How do y'all guys catch ribbon fish from the piers I like to use them for bait when I luck up and get one.


----------



## Wingbone (Jun 8, 2014)

See plenty caught on Apache.


----------



## bluefish1928 (Jun 9, 2007)

spanish jigging rigs, got-cha plugs


----------



## Wingbone (Jun 8, 2014)

Yep, on the jigging rigs. I somehow missed the first word in your question. HOW!


----------



## vital signs (Jun 20, 2015)

Thanks for the input guys and wingbone no sweat man it happens to the best of us lol.


----------



## vmw (Nov 23, 2011)

bluefish1928 said:


> spanish jigging rigs, got-cha plugs


What is spanish jigging rigs? Thanks.


----------



## joek (Jun 1, 2015)

vmw said:


> What is spanish jigging rigs? Thanks.


its a mackerel rig.
think sabiki rig with larger long shank gold hooks with colored tubing or straws on the shanks.
jig it up and dow.n


----------



## drw1985 (Oct 15, 2014)

You know I've never been able to catch anything jigging and people on both sides of me are pulling them in left and right I must be doing something wrong


----------



## RjTheMetalhead (Dec 3, 2011)

drw1985 said:


> You know I've never been able to catch anything jigging and people on both sides of me are pulling them in left and right I must be doing something wrong


Are you using a short rod? Need a 10ft+ rod or it just doesn't really work as good.


----------



## drw1985 (Oct 15, 2014)

RJ Now that you mentioned it I only brought my 9ft I left the 12ft at home that day thanks I'll try the bigger one next time


----------



## SmoothLures (Feb 13, 2008)

I've jigged up plenty with a 9 foot rod. Are you using the surgical tubing tree rigs? I've never seen any Spanish caught on them. Just ribbonfish.


----------



## vmw (Nov 23, 2011)

joek said:


> its a mackerel rig.
> think sabiki rig with larger long shank gold hooks with colored tubing or straws on the shanks.
> jig it up and dow.n


Thank you very much.


----------



## Flytyingguy1 (Sep 8, 2009)

Go down to the springmaid pier at night.
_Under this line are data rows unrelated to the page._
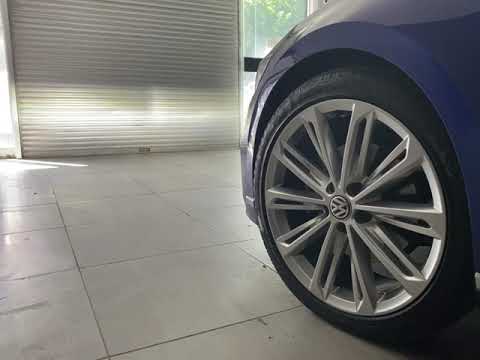 passat iq light  startup animation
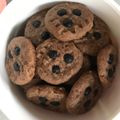 Cooksnap dari Dita VR untuk resep Goodtime chocolatos (takaran sendok, tanpa oven dan mixer)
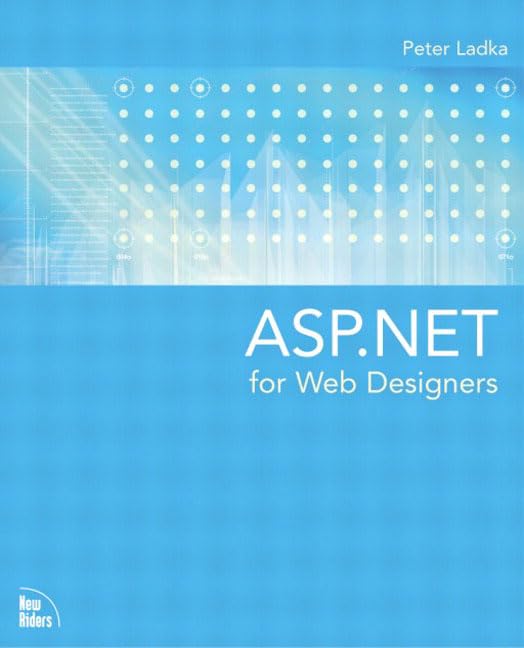 Asp.Net for Web Designers,Used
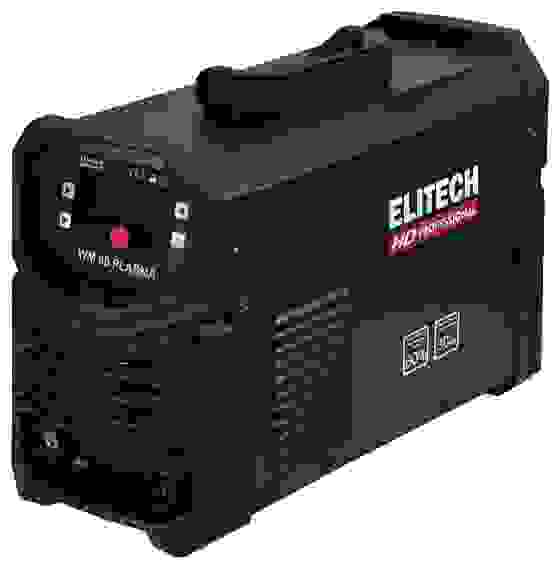 Инвертор сварочный Elitech HD WM 60 Plasma
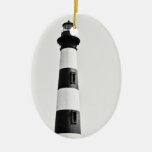 Faro de la isla de Bodie Ornamente De Reyes
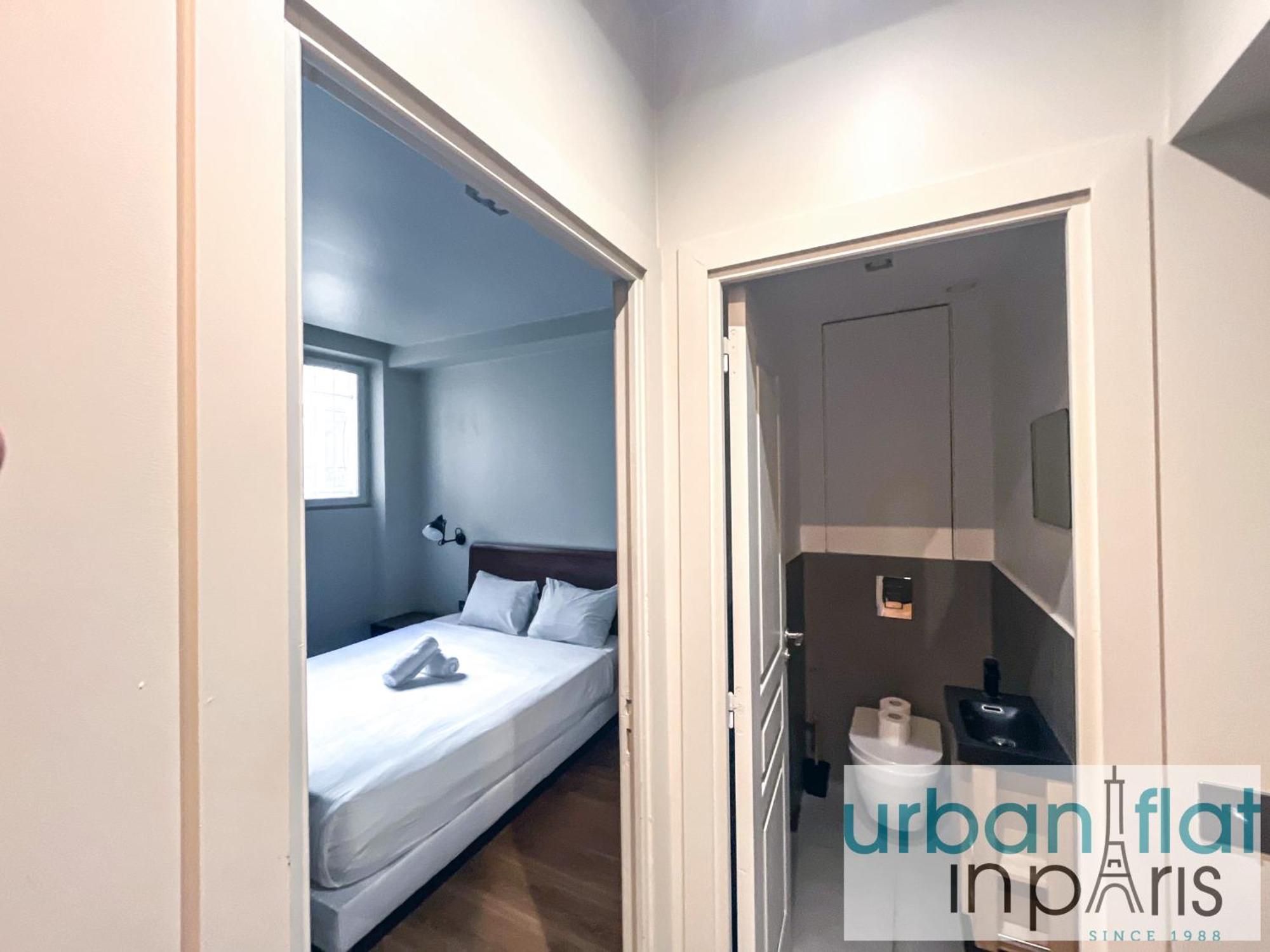 Urban Flat 78 - Luxury 3 Bdr Flat In Le Marais Apartment
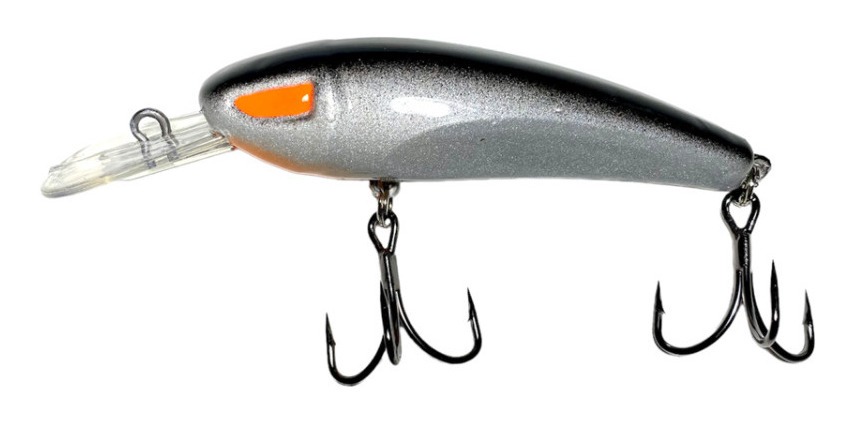 Señuelo Gozio Bendy 2 10 Cm 28 G Prof 1 A 2,5 M 4 Anzuelos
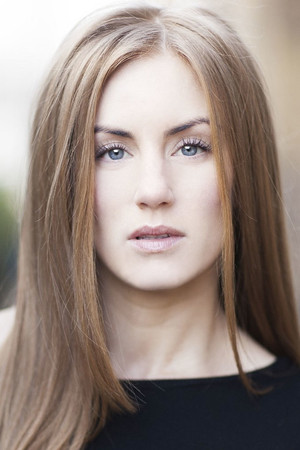 Kirsty J. Curtis portrait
The Chinese people are fishing them all the time. They hang lights off the pier and fish for them


----------



## Elgreco (Aug 12, 2014)

I believe they are korean.


----------



## RjTheMetalhead (Dec 3, 2011)

They are Koreans.
Rather fish with them than Yankees lol


----------



## RoccoS (May 4, 2014)

Easy on the Yankees!!


----------



## RjTheMetalhead (Dec 3, 2011)

RoccoS said:


> Easy on the Yankees!!


Uh oh


----------



## RoccoS (May 4, 2014)

That's right......


----------



## RjTheMetalhead (Dec 3, 2011)

RoccoS said:


> That's right......


I don't think there are enough flounder for the both of us lol


----------



## RoccoS (May 4, 2014)

Than I guess you'll be a few short in the frying pan this weekend!! Lol


----------



## Elgreco (Aug 12, 2014)

RJ mad we come down south and take their jobs, woman and fish.


----------



## RoccoS (May 4, 2014)

I LOVE it!!!!!We will take all his fish this weekend....Hope all is well Alex....Of course they can't help it, they r a little slow....lol


----------



## Elgreco (Aug 12, 2014)

I work saturday. Hopefully be out there sunday.


----------



## Wingbone (Jun 8, 2014)

You can tell the difference between the Yankees and the Koreans by looking at their eyes. If the eyes on their spinning rods are facing towards the sky, they are Yankees. If they are pointing down towards the water they are Koreans.


----------



## Flytyingguy1 (Sep 8, 2009)

That's cause the Yankees out fish ou!&#55357;&#56861;


----------